9 February 2016
In February, the FCA issued a Final Notice against Achilles Macris, former head of JP Morgan’s CIO International, imposing a fine of £792,900 in relation to his failure to disclose certain information arising from the “London Whale” trading in 2012.
The FCA found that, in breach of Principle 4 (dealing with the regulators in an open and cooperative way), Mr Macris had failed to inform the FSA about various concerns related to the trading in the Synthetic Credit Portfolio (SCP) and had thus failed to disclose appropriately any information “of which the Authority would reasonably expect notice”.

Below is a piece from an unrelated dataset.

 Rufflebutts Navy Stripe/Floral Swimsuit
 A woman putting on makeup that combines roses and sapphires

At the relevant time, JP Morgan Chase was the subject of a "close and continuous" supervisory relationship which meant that the firm had been identified by the FCA “as carrying a high probability of risk and a high impact to the Authority’s statutory objectives, therefore requiring close and continuous monitoring”. As part of this, Mr Macris, who was the main FSA contact for information about CIO International, had attended a supervision meeting with the FSA on 28 March 2012. At that meeting, he explained both positive and negative developments, including that the SCP had made a loss of $200m. However, he did not at the meeting or afterwards provide the FSA with an update covering the full extent of the difficulties that the SCP was facing. Then, on 29 April 2012, on a call with the FCA instigated by the firm following news of the "London Whale" in the press, Mr Macris was found to have reassured the FCA about the relevant trades while, again, failing to disclose then or afterwards his knowledge of the wider context.
The fine was calculated on the basis of 20% of Mr Macris’ £6.3m salary for the period of the breach, reduced by 10% on the basis that his benefits were clawed back on his termination, and then reduced by a settlement discount of 30%.

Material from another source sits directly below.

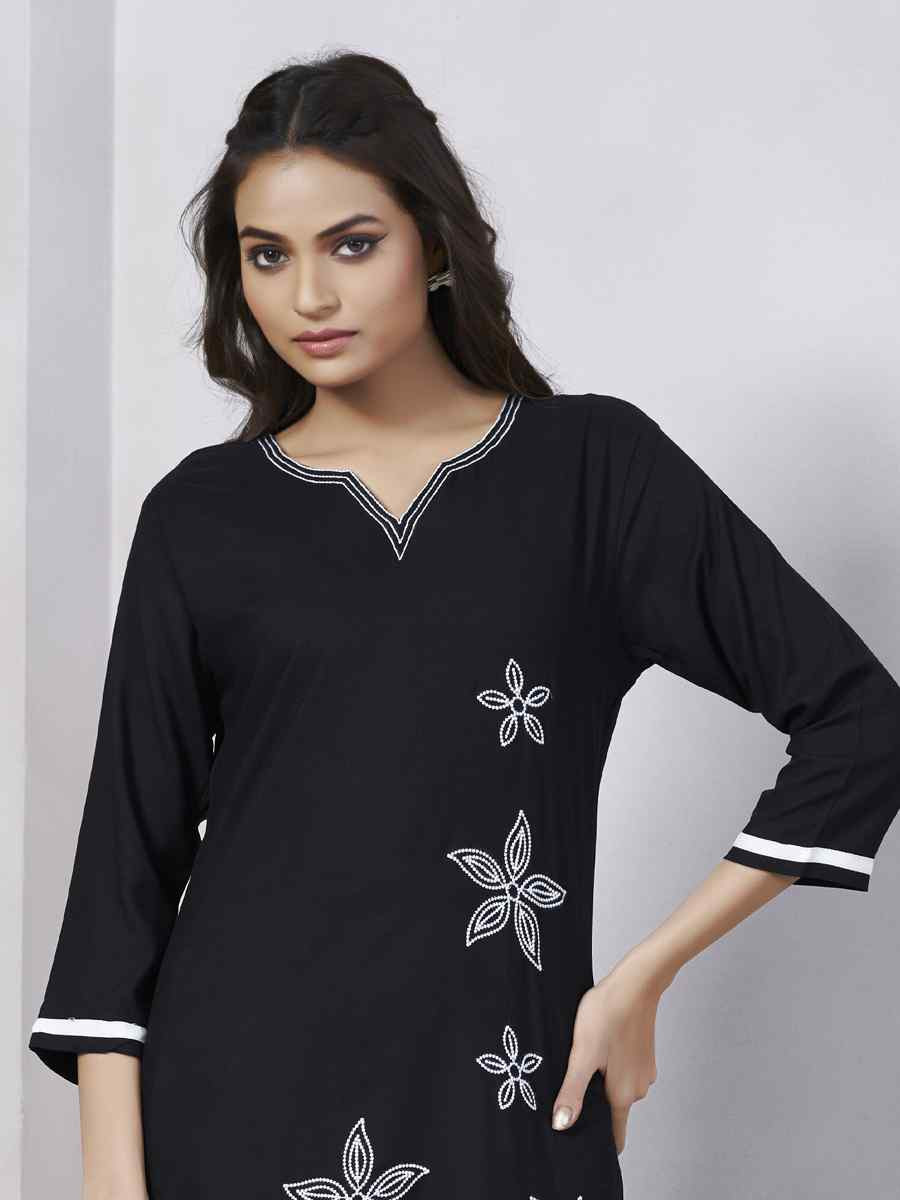 Black Viscose Rayon Embroidered Festival Casual Kurti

You can read the Final Notice here.
The primary interest for lawyers following the Macris case had been his previous application for third party rights in respect of the JP Morgan Notice. He was successful on that matter in the Court of Appeal (see Enforcement Watch 16 "19 May 2015: Court of Appeal determines identification issue"). The interpretation of the legislation by the Court of Appeal is causing some real issues, and the FCA has been granted permission to appeal the decision to the Supreme Court. Watch this space.
Nevertheless, this Final Notice does itself give rise to a number of interesting aspects:
- It provides some insight into the degree of openness required of SIFs for the purposes of Principle 4. While it appears that other senior employees were present at the material meeting, Mr Macris was targeted as the Firm’s “most senior representative”. While the FCA includes in the Final Notice examples of specific matters that Macris failed to disclose, the focus of the FCA’s criticism appears to be the overall impression he gave (which was overly favourable). A repeated refrain, for example, is along the lines of the following: “Even a high level and generalised indication from Mr Macris (as the SIF and senior Firm representative at the Meeting) that there were causes for concern with the SCP would have provided the Authority with the opportunity to follow up with questions about the nature of the concerns.”

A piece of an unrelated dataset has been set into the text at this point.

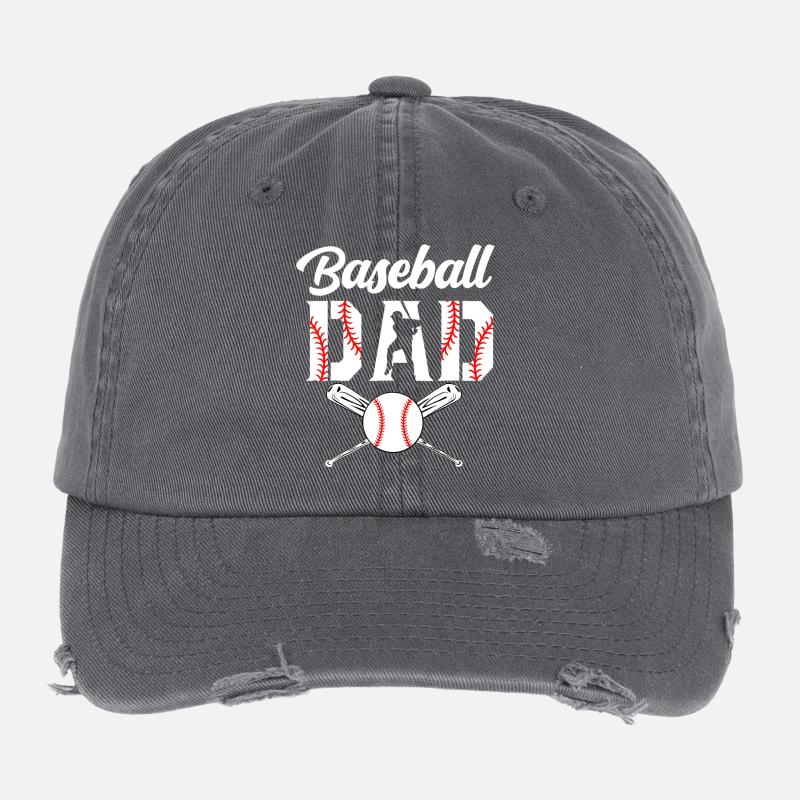 Baseball Dad Emblem Tee Flexfit Vintage Destroyed Cap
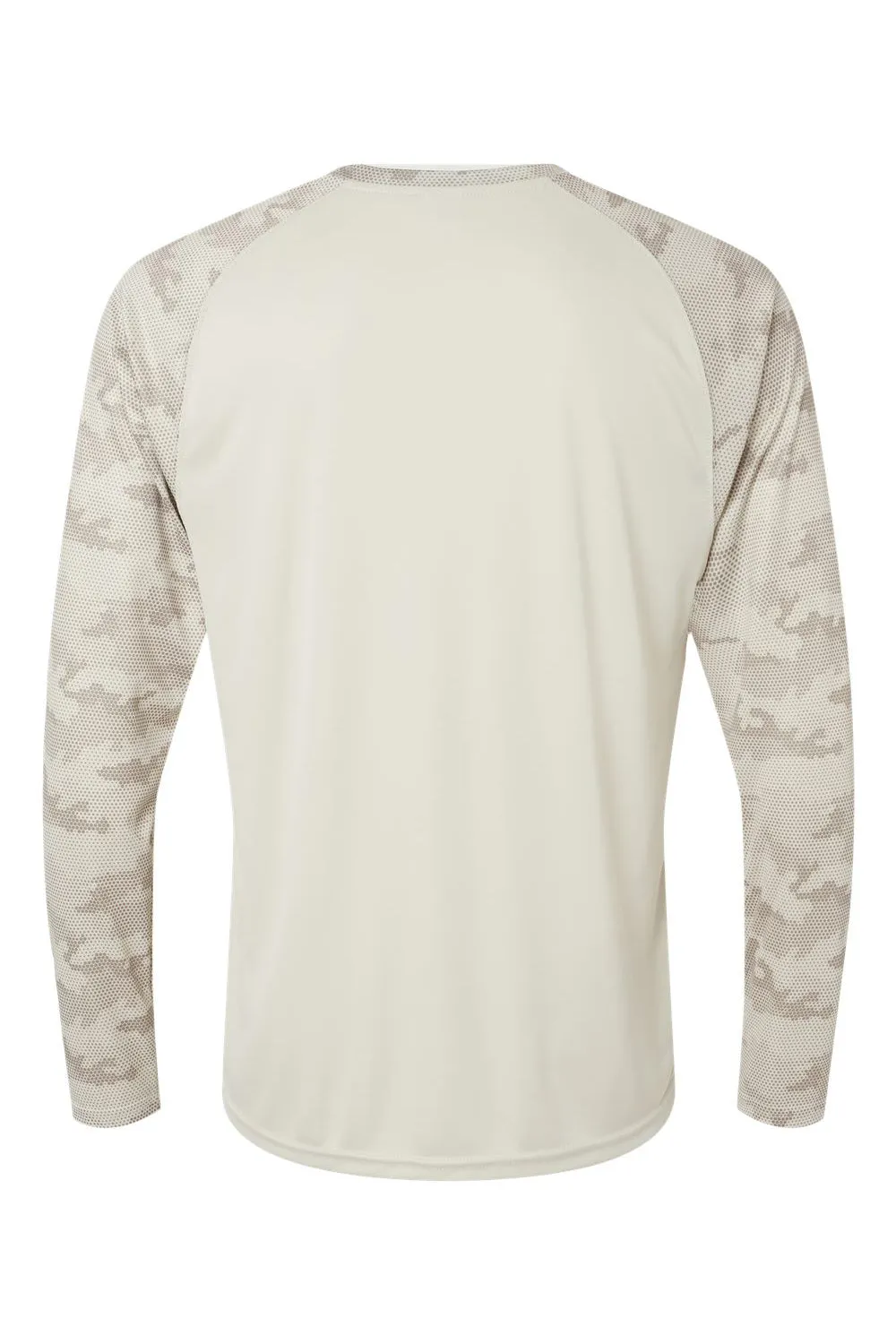 Paragon Mens Cayman Performance Moisture Wicking Camo Colorblock Long Sleeve Crewneck T-Shirt - Sand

- The Notice should be keenly read by those who are Senior Managers under the new SMR. In one respect, the personal obligation on Senior Managers to be "open and co-operative" is plainly not new. In another, as those held personally responsible for a certain aspect of a firm's business, they will be all too aware of how they could come in for criticism for failure to disclose. It is not difficult to see how SMs may at times want to take a more inclusive approach to disclosure than firms. They should also be aware of references in the Notice to how, if Macris had disclosed certain matters in the meeting and then the call, it "would have provided leadership" to other staff participating in them to be open and co-operative in providing information in relation to their specific areas of expertise.
- There are clues that this was a hard fought and negotiated Notice. For example, the Notice includes a reference that the Authority recognises that the 29 April call was "arranged for a specific purpose, took place on a difficult day for all concerned with the SCP at the Firm and was of short duration", which has all the hallmarks of being insisted on by Macris.
- A further clue to this being a hard fought and negotiated Notice, but which is also interesting in its own right, is the issue of the settlement discount. Macris was given a 30% settlement discount despite settling only at stage 2 (which would ordinarily attract a 20% discount). The reason given for this was that it was an exceptional case in which the nature and seriousness of the case had changed substantially and that a settlement would have been possible at an earlier stage if it had been initially instigated on that different footing. We can only guess at why the case changed so much. Nevertheless, this is a useful argument on discount for subjects to keep in mind.